É de notar que de acordo com os cálculos do Governo, na Rússia 1 dólar custará, no máximo, 28,6 rublos. Portanto, o Estado porá no seu "mealheiro", para o que der e vier, 776 biliões de rublos (cerca de 27 biliões de dólares) se, como é natural, isso for permitido pela conjuntura mundial, antes de mais nada, pela situação no mercado petrolífero.

O projecto de orçamento foi aprovado na generalidade graças apenas à votação unânime do partido Rússia Unida, força que controla a Duma de Estado. Como sempre, os comunistas recusaram-se a apoiar o orçamento sob o pretexto de que nele "não há nenhum desenvolvimento". Vladimir Jirinovski, líder do Partido Liberal Democrata obrigou também os seus companheiros de luta a votar contra, pois, na sua opinião, as verbas destinadas à criação de novos postos de trabalho são pequenas. As duas fracções do bloco Pátria aderiram também. Mesmo assim, os votos contra não foram suficientes para bloquear o projecto de orçamento.

O paradoxo da maratona orçamental, que se iniciou na Duma de Estado, consiste em que nesta câmara não há nenhum deputado que se manifeste contra o aumento das despesas, antes de tudo, com finalidades sociais.
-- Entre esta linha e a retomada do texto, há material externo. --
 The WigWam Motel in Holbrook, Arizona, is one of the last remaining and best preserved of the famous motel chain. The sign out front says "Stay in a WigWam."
Deste modo, é talvez pela primeira vez na prática orçamental do país que se verificou uma unanimidade entre os deputados dos diversos grupos parlamentares e a maior parte dos senadores na câmara alta do Parlamento relativamente à "prodigalidade" (sensata ou impensada, esta já é outra questão e objecto de ulteriores discussões) das opções orçamentais. Do outro lado da barreira estão os chamados "açambarcadores", "acumuladores", na pessoa dos ministros das pastas económicas e de muitos economistas conhecidos, que opõem forte resistência a esta linha, considerada por eles como "despesista". Os pontos de vista destas duas forças são diametralmente opostos.
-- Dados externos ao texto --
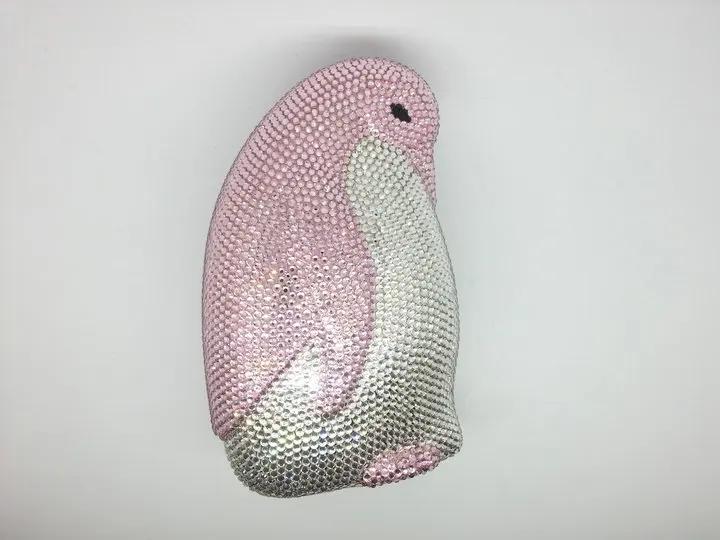 

Boutique De FGG (in stock) Penguin Women Crystal Clutch Evening Bags Metal Minaudiere Bridal Wedding Diamond Purses and Handbags Mini Clutch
Segundo os ministros das pastas económicas, o Estado não deve apoiar directamente com o seu dinheiro a economia real, pois isso viola os princípios da economia liberal e pode acarretar consequências irreparáveis. O Governo colocou a tarefa estratégica de conseguir a plena convertibilidade do rublo até 2007. Para a sua realização é necessário reduzir o nível de inflação para dois ou três por cento ao ano. Além disso, como têm procurado provar os ministros, até agora os programas públicos de investimento têm proporcionado, via de regra, baixo rendimento, sendo com frequência projectos puramente lobistas.
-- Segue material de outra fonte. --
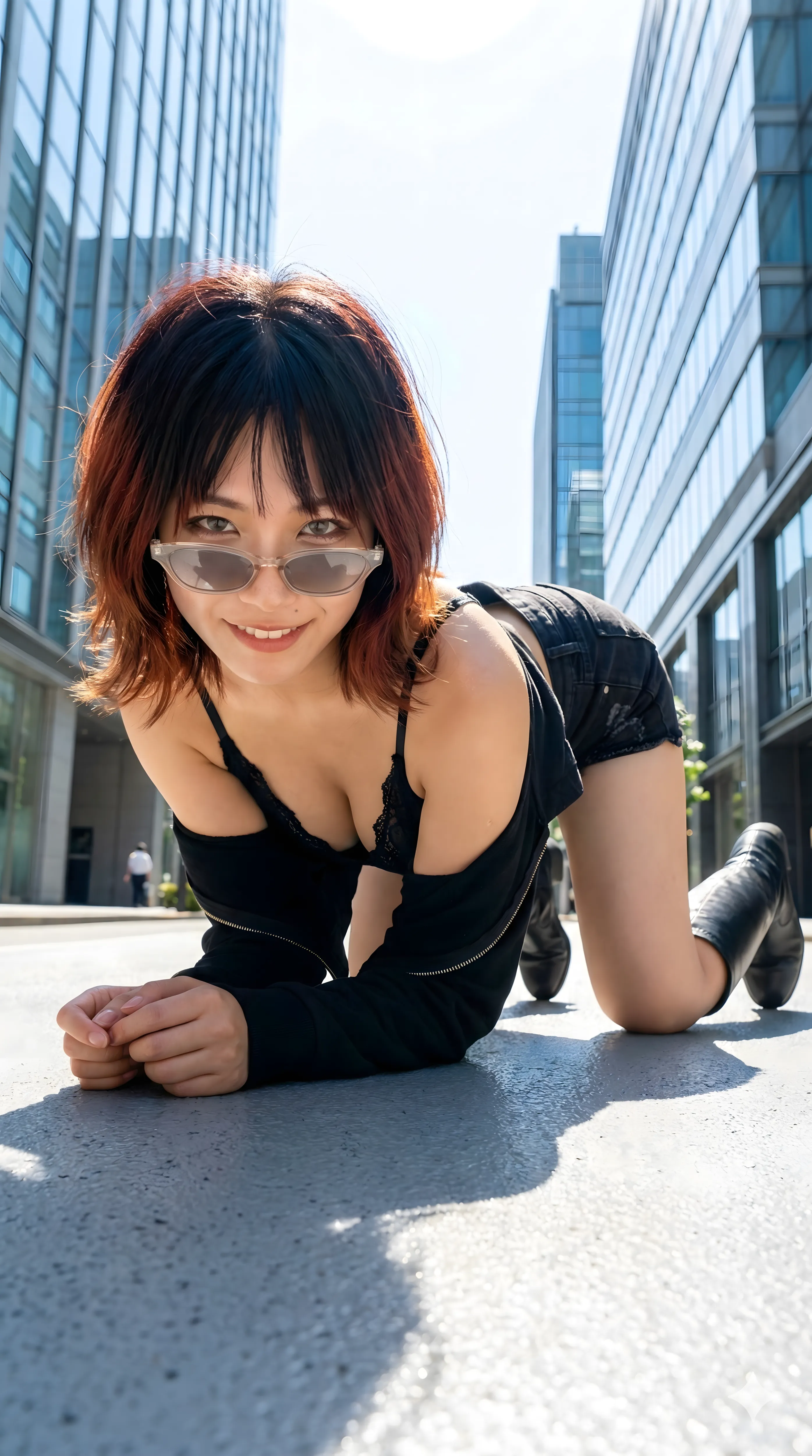 ギャル ビキニ 四つん這い 黒水着 エロ画像 006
No entanto, os deputados propuseram uma lógica diferente, dizendo que é impossível explicar à população por que razão, quando se verifica um enorme afluxo de petrodólares e existe um gigantesco Fundo de Estabilização, as pessoas não sentem um melhoramento visível do seu nível de vida. Durante a discussão prévia do projecto de orçamento, os deputados citaram o seguinte exemplo aos ministros. Desde 1 de Setembro na Rússia o salário mínimo aumentou para 800 rublos, ou seja, para 26 rublos por dia (menos de um dólar)! É possível alguém sobreviver hoje com este dinheiro? Contrariamente aos responsáveis do Governo, os deputados, inclusive da bancada da Rússia Unida, desejam a sua reeleição em 2007. Por isso, a sua lealdade ao poder executivo tem os seus limites. Em resultado deste "regateio", os ministros tiveram de concordar que hoje em dia na Rússia já não podem ser aplicados os princípios com que foram formados os orçamentos de contenção da inflação e de superação das consequências da insolvabilidade de 1998.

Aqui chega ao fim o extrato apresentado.